The point is that you do NOT want to stop checking for duplicate rows if one of the rows is NOT a duplicate. You need to continue through all the rows as the duplicate row could be on ANY row.
It should also be noted that it may be helpful to avoid “checking” for a duplicate row that has already been marked as a duplicate. Example, using the same first picture, in the first pass though the rows for the “first” row will add rows 2 and 3 as “duplicate” rows. So, when the while loop exits and we loop back up to the next row to check it will be row 2. However row 2 is ALREADY marked as a duplicate, so really there is no need to check that row for duplicates. In the solution below, a check will be made to see if the row that we are checking is already marked as a duplicate. If the row IS marked as a duplicate then we will simply skip that row.

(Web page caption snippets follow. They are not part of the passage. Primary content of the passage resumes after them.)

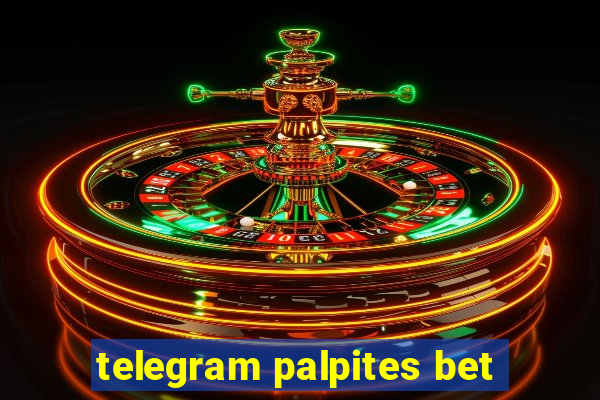 telegram palpites bet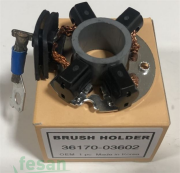 OEM 36170-03602 DELCO MARŞ KÖMÜR YUVASI HYUNDAİ ACCENT BLUE İ10 İ20 İ30 KİA CEED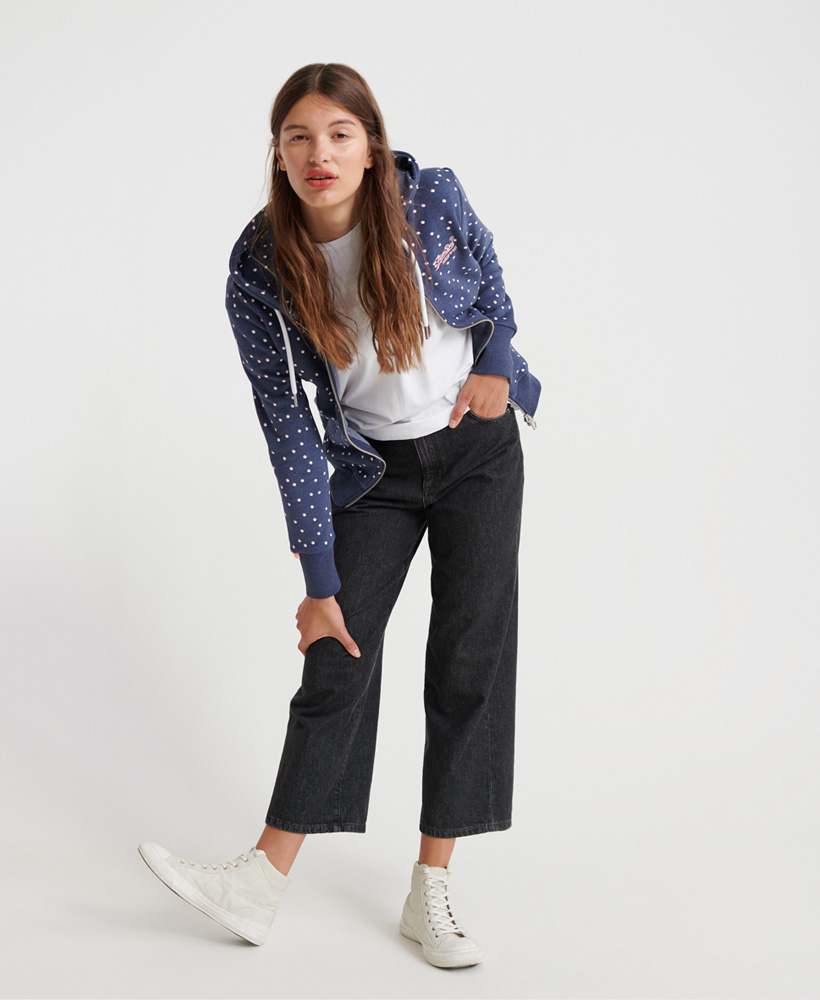 SUPERDRY ТОЛСТОВКА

Next, the last foreach loop to actually remove the rows may have some issues. Example, let’s say that the rows to remove list contains rows 2, 3 and 7. So inside the foreach loop... the code removes row 2. After this row is removed, then, row 3 is now row 2 and row 4 is now row 3 etc.… Therefore on the next iteration of the loop it will remove row 3 which is NOW row two (2). I hope it is clear that removing the rows in a top-down fashion WILL NOT WORK because as soon as the first row is removed, then all the row indexes below that row will change.
So, if we want to delete the proper rows in the list of row indexes, then, we can accomplish this by removing the rows from a bottom-up fashion. If we remove the rows from the bottom-up, then we do not have to worry about getting the indexes mixed up as we do when deleting the rows in a top-down fashion.

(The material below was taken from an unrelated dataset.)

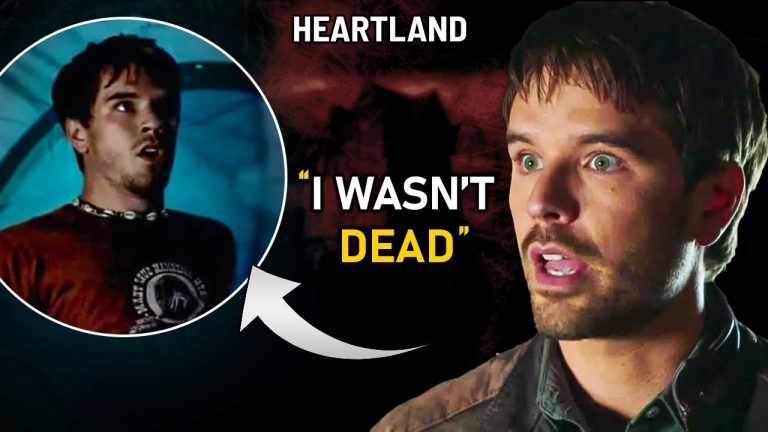 Download the Does Ty Come Back To Heartland In Season 16 series from Mediafire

Given all this, I suggest you break this problem up into two steps. The first step simply fills the list of duplicate rows. Bear in mind, since we will be checking for the duplicate rows in a top-down fashion, the list of row indexes may not necessarily be in an ordered fashion. Example, if we add a duplicate row 9 as previously suggested, then the list of row indexes to delete would be { 2, 3, 9, 7 }. The 9 is BEFORE the 7 because row 9 was found to be a duplicate of row 1 and row 7 was found to be a duplicate of row 6. The point here is that the list may not necessarily be in an ordered fashion and this will create problems as described above.
Therefore, after we get the list of row indexes to delete, we will SORT the list. This will set the list as { 2, 3, 7, 9 }. At this point we could simply start deleting the rows from the bottom of the list on up, OR in the example below we will simply REVERSE the list so it will become { 9, 7, 3, 2 }. Then we will have an ordered list of ints that are order from high to low. NOW the for loop through the list should work without mixing up the row indexes.

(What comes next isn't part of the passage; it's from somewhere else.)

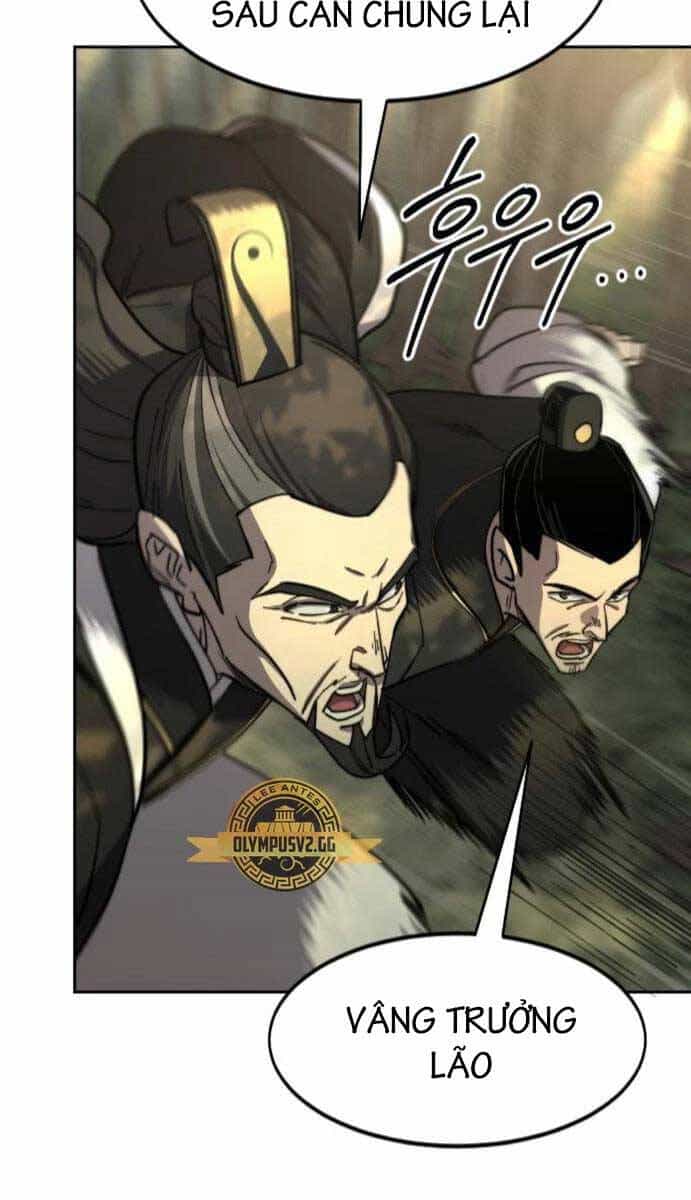 Hoa Sơn Tái Khởi - Chương 90 - ảnh 10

To help, I suggest you create a method that takes an open worksheet and returns our “unsorted” list of row indexes we want to delete. To simplify things, all the code does is add the row indexes of duplicate rows. Walking through the code below we start by looping through all the rows in the worksheet. If we get to a row that has already been marked as a duplicate, then we will skip that row.
If the row is not marked as a duplicate, then the code will start another for loop that starts on the next row and ends on the last row. Again if we get to a row that has already been marked as a duplicate, then we will skip that row. Once the code has looped through all the rows we simply return the list of row indexes to delete.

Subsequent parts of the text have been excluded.